Time travel may still lie some way in the future but time-capsule tourism is here already, thanks to this innovative and charming attempt to recreate the world in which Croats lived three decades ago.
Occupying a private flat decked out with furnishings that would have been typical of a family dwelling of the era, its florid carpets, brown sideboards and polished parquet eloquently conjure up that decade’s visual style.Bookshelves feature the complete works of Dostoyevsky, a picture book about President Tito and a sex-education manual; but no bible.
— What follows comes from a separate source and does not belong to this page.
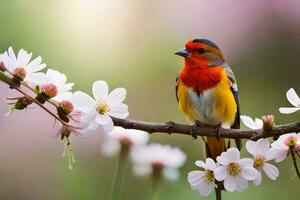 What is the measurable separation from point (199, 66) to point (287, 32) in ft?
0.91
The accent is very much on interaction: you can open the cupboards and see what’s inside, explore the kitchen utensils (try and resist the temptation to start cooking your dinner), or leaf through the “erotic” men’s magazines that serve as evidence of Yugoslav communism’s appetite for consumer culture. Captions are kept at a minimum; and there is no didactic attempt to tell you what you should be looking at. It’s a set-up that seems tailor-made for the selfie-generation: visitors can try on the garish, shoulder-padded jackets in the wardrobe, don the blue caps worn by members of the communist-supervised “pionir” youth groups, or sit at the wheel of a Fićo, the mass-produced Yugoslav family car made under license from Fiat from the Fifties onwards.Retro-gamers and obsolete-technology freaks should take note that there is also a games room harbouring original Atari and Commodore computers, loaded with game ready for you to play.